L’idea che navi portacontainer da 20.000 teu si fermino a Pozzallo, Augusta o Catania per caricare tutte le merci su treni (quanto lunghi e quanti?) perché queste possano essere trasportate verso i mercati europei è talmente poco credibile da apparire risibile. Eppure i sipontisti è su questo che basano la “scientificità” delle loro tesi.
Tra gli argomenti utilizzati dai sostenitori del Ponte sullo Stretto uno assume oggi carattere paradigmatico: il Ponte servirebbe ad intercettare i flussi commerciali provenienti da Suez, che oggi, prevalentemente, proseguono per Gibilterra per andare verso il porto di Rotterdam. Questo argomento avrebbe due conseguenze positive: da una parte la Sicilia assumerebbe il carattere di piattaforma logistica per le Grandi Navi provenienti dalla Cina, con evidente profitto per l’economia dell’isola, e tutta l’operazione porterebbe vantaggi da un punto di vista ecologico in quanto l’utilizzo dei treni ad alta velocità che attraverserebbero il Ponte risulterebbe migliorativa dal punto di vista dell’impatto ambientale se confrontato con l’utilizzo di Tir, navi, aerei.
L’argomento è evidentemente destituito di fondamento per ragioni elementari. Il traffico commerciale mondiale, infatti, è per l’80% marittimo e le vie del mare risultano fortemente vantaggiose dal punto di vista economico. A titolo esemplificativo è sufficiente rilevare che attraverso la Via della Seta, di cui tanto si è parlato in Italia per la recente visita del presidente cinese Xi Jinping, viaggiano tra Europa e Asia circa 23 milioni di teu di merci. Di questi solo 370 mila viaggiano su rotaia e l’obbiettivo è raggiungere il 10% del traffico totale. D’altronde, ovviamente, Xi Jinping, nel corso della sua visita italiana, ha fatto accordi per far arrivare le rotte della Via della Seta a Genova e Trieste. Risulterebbe, infatti, del tutto antieconomico far risalire le merci per lo stivale attraverso la linea ferrata. Diversa sarebbe l’attrattiva se la Sicilia e il Sud avessero una rete portuale moderna e un’infrastrutturazione stradale e ferroviaria ramificata ed efficiente in quanto questo potrebbe essere occasione di scambi reciproci oppure se la Sicilia si offrisse come piattaforma per i commerci con l’Africa (ed è evidente che anche in questo caso il Ponte non serve ad un fico secco).

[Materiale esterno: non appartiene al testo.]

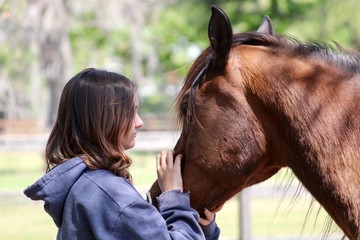 Profile of Girl Petting Horse Face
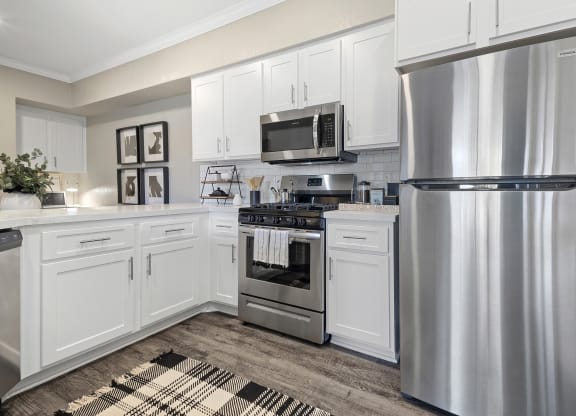 Estancia at Mission Grove Apartments Kitchen with Stainless Steel Appliances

L’idea che navi portacontainer da 20.000 teu si fermino a Pozzallo, Augusta o Catania per caricare tutte le merci su treni (quanto lunghi e quanti?) perché queste possano essere trasportate verso i mercati europei è talmente poco credibile da apparire risibile. Eppure i sipontisti è su questo che basano la “scientificità” delle loro tesi. Lo stesso Governatore della Sicilia Nello Musumeci ha occupato gran parte del tempo concessogli nel corso di una recente trasmissione televisiva al fine di tessere le lodi del Ponte sullo Stretto per ripetere questo argomento come una lezioncina imparata all’ultimo momento.
In realtà, sono miti, meri miti, quelli inseguiti da chi, fuori tempo massimo, vista la crisi ecologica mondiale in cui viviamo e i limiti di una pedissequa fiducia nello sviluppo scientifico, sogna opere ingegneristiche fantasmagoriche e costosissime mentre le strutture prossime alla vita delle persone cascano a pezzi. Pensano a corridoi tracciati sulla carta e che non tengono conto del fatto che nel nostro paese, ad esempio, gran parte degli spostamenti, sia di merci che di persone, avviene per tratti medi o brevi e hanno carattere prevalentemente regionale. Eppure basterebbe riflettere sulle previsioni totalmente sballate che avevano fatto sia sul Tav Torino-Lione che sul Ponte sullo Stretto perché questa narrazione crolli clamorosamente.
Il traffico del tratto interessante il Tav Torino-Lione era di 7,5 milioni di tonnellate/anno nel 1984 e si era innalzato fino a 10 milioni nel 1997, anno in cui vennero fatte previsioni che immaginavano 20 milioni di tonnellate al 2010. Inutile dire che, invece, a quella data e negli anni successivi il dato si è attestato intorno ai 3 milioni di tonnellate. Ma non è bastato. Pur essendo evidente il trend, nel 2004 è stata fatta un’altra previsione di 10 milioni di tonnellate al 2012 (e ne sono passati meno di un terzo), 19 al 2024 e 31 al 2030. Ma non importa che l’evidenza sia contraria. Una nuova previsione ci dice che i 3 milioni del 2012 diventeranno 58 nel 2054. Neanche Nostradamus avrebbe arrischiato tanto.
Della stessa natura le previsioni mancate contenute nel progetto di costruzione del Ponte sullo Stretto. Le ipotesi di crescita dei transiti attraverso lo Stretto di Messina erano basate sul trend di crescita del Pil del meridione d’Italia. Nello scenario alto l’aumento del Pil medio doveva essere del 3,8% tra il 2001 e il 2011. L’ipotesi bassa si attestava invece all’1,8%. Avvenne, invece, che il trend medio di crescita fu dello 0,5% fino al 2007. Dal 2008 fu decrescente, mentre solo nel 2006 si andò oltre l’1%. Nel 1999, infatti, attraversavano lo Stretto 2.328.000 tra autovetture e moto e 1.238.000 mezzi pesanti. Nel 2013 invece, le autovetture e le moto ad attraversare lo Stretto furono 1.584.000 e 650.000 i mezzi pesanti. Nel 2002 passavano 8.000.000 di tonnellate di merci, 10.000.000 di tonnellate nel 2006, 6.000.000 nel 2016.
Ma anche la retorica sui vantaggi rispetto alle emissioni di anidride carbonica, responsabile del riscaldamento globale, è priva di fondamento. Sulle grandi distanze, infatti, i mezzi meno inquinanti rimangono le navi portacontainer superiori a 8000 teu. E’ evidente, d’altronde, che i tir abbiano emissioni quasi quadruple rispetto ai treni, ma in Italia il traffico merci su treno è solo il 10% e la responsabilità sta anche nell’avere insistito sullo sviluppo dell’Alta Velocità e dell’Alta Capacità sul modello francese, con costi esorbitanti, piuttosto che pensare, come hanno fatto i tedeschi, a potenziare le linee esistenti per renderle idonee al transito di treni più veloci.